WORK TO COMPLETE: Pictures should be left out while the data beneath this task is written out word for word.
START SUPPLIED RECORDS
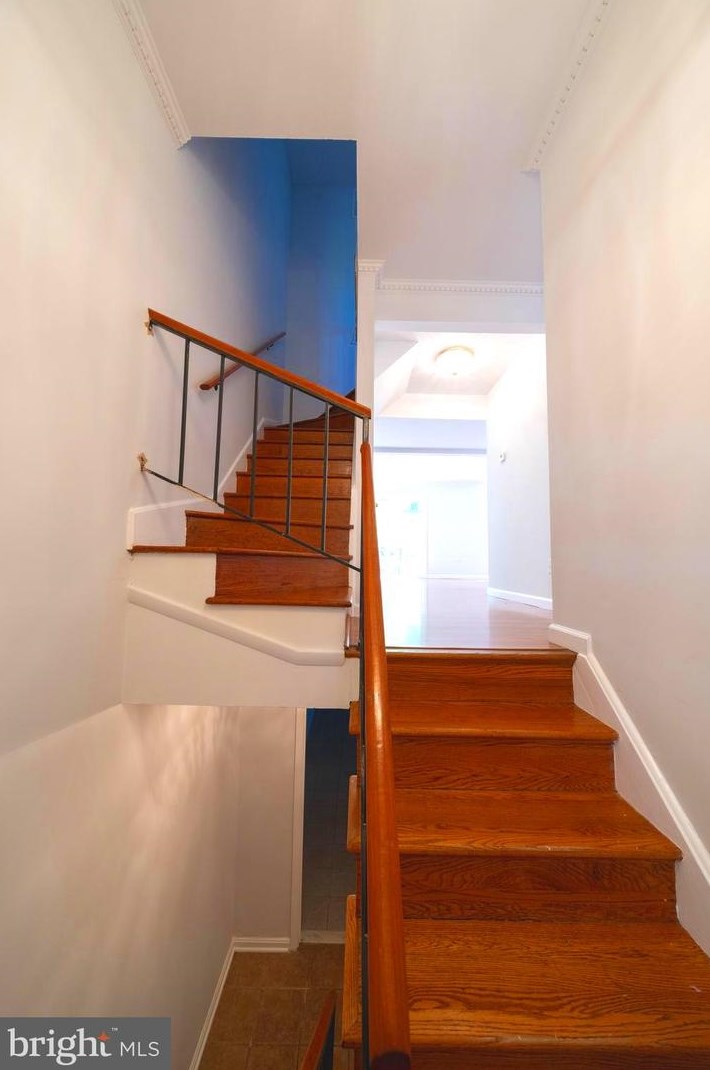 9 Orchard Dr, Gaithersburg, MD 20878-2225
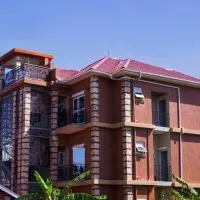 Pals Inn โรงแรมในBusia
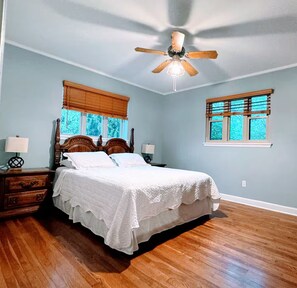 3 habitaciones, tabla de planchar con plancha, internet y ropa de cama 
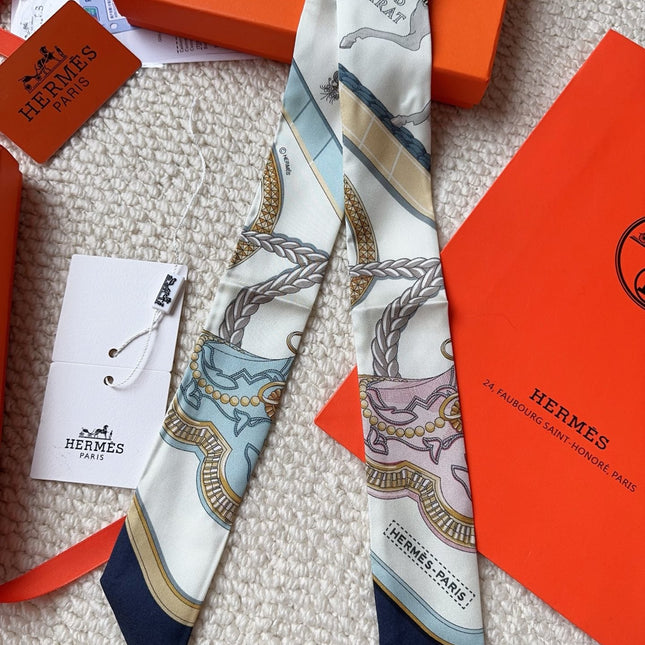 HERMES 26S SCARF 86 IN SILK 309623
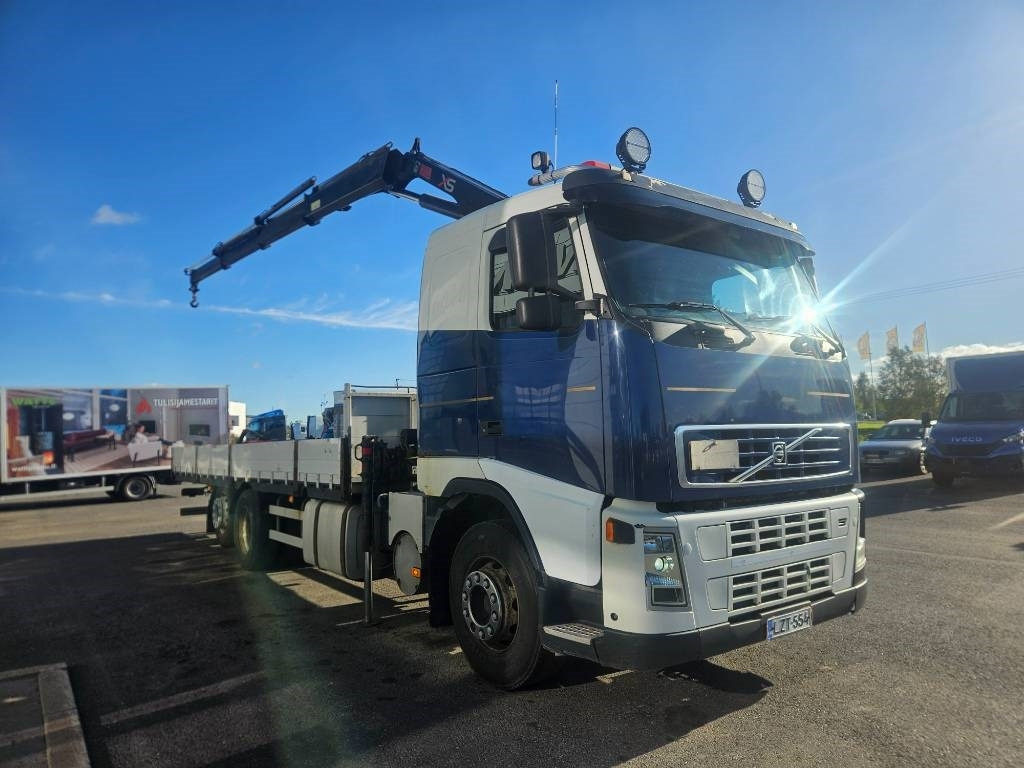 Volvo FH12 6x2 Hiab 166 kympitys 2029 asti  - Crane truck: picture 2 Volvo FH12 6x2 Hiab 166 kympitys 2029 asti  - Crane truck: picture 2
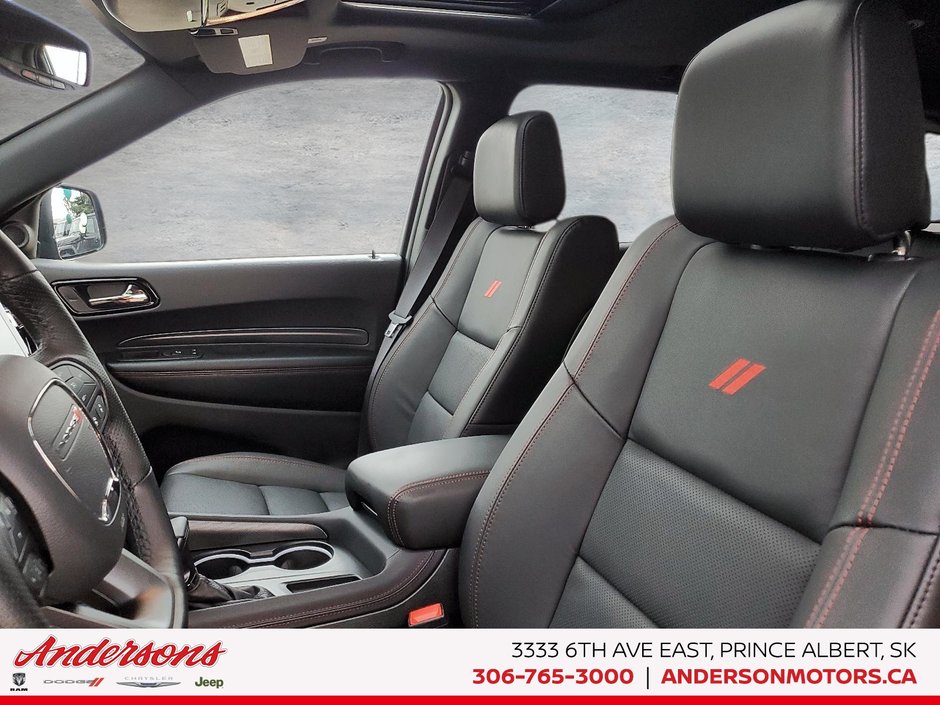 2026 Dodge Durango PLUS Blacktop Package / Heated & Ventilated Seats / AWD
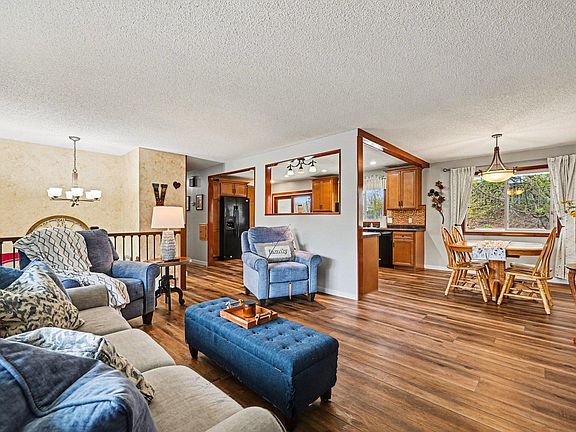 4th image of 296 Logan Ave E
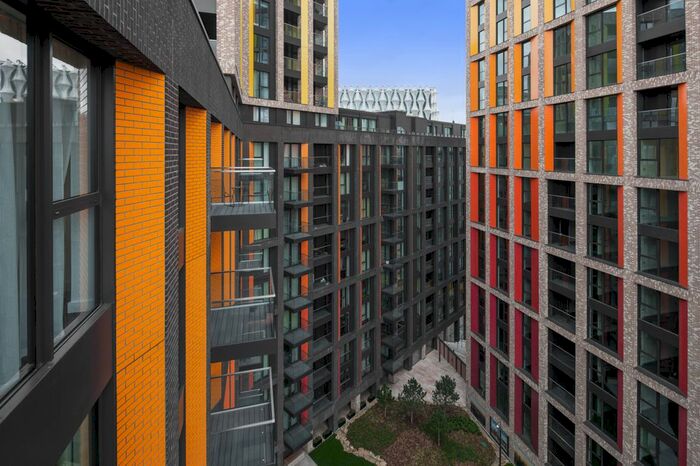 3 Bedroom Flat To Rent In Charles Clowes Walk, London, SW11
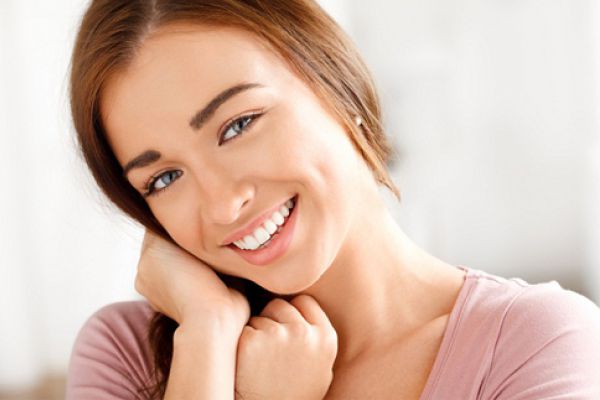 قائمة بالابتكارات الجمالية المضرة بالصحة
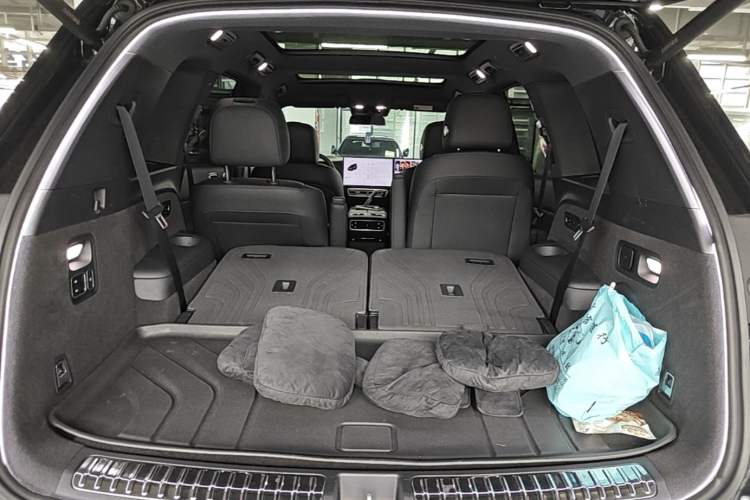 Used Li Auto L8 2024 Max Trunk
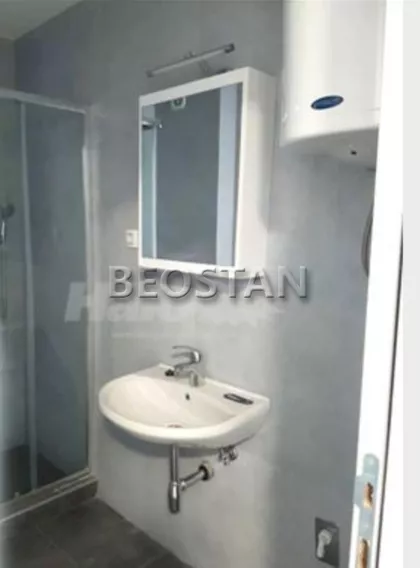 Zeleznicka | 4zida.rs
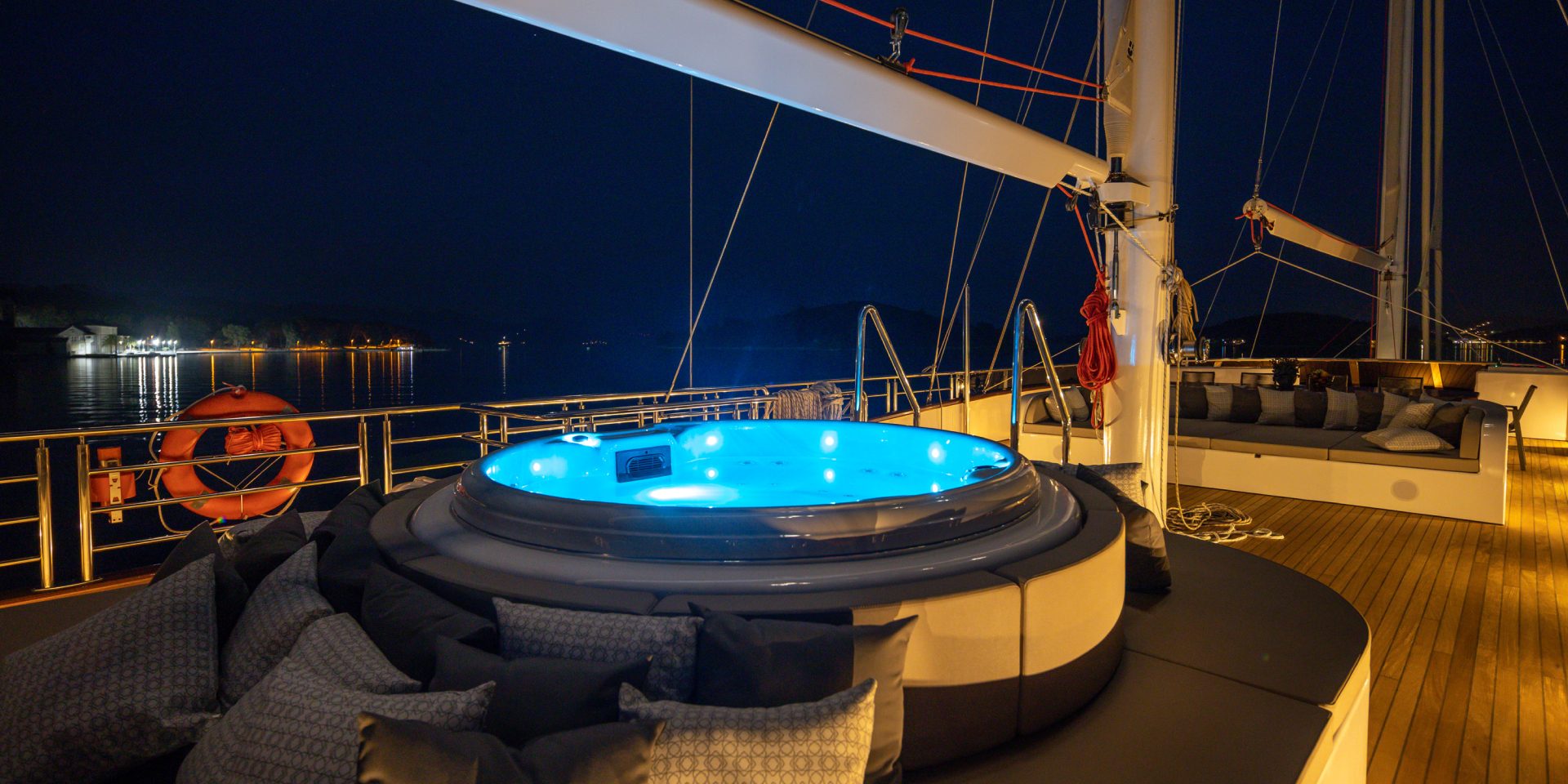 206 Jaccuzi at night.jpg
END SUPPLIED RECORDS
THE COMPLETED TASK:
 9 Orchard Dr, Gaithersburg, MD 20878-2225
 Pals Inn โรงแรมในBusia
 3 habitaciones, tabla de planchar con plancha, internet y ropa de cama 
 HERMES 26S SCARF 86 IN SILK 309623
 Volvo FH12 6x2 Hiab 166 kympitys 2029 asti  - Crane truck: picture 2 Volvo FH12 6x2 Hiab 166 kympitys 2029 asti  - Crane truck: picture 2
 2026 Dodge Durango PLUS Blacktop Package / Heated & Ventilated Seats / AWD
 4th image of 296 Logan Ave E
 3 Bedroom Flat To Rent In Charles Clowes Walk, London, SW11
 قائمة بالابتكارات الجمالية المضرة بالصحة
 Used Li Auto L8 2024 Max Trunk
 Zeleznicka | 4zida.rs
 206 Jaccuzi at night.jpg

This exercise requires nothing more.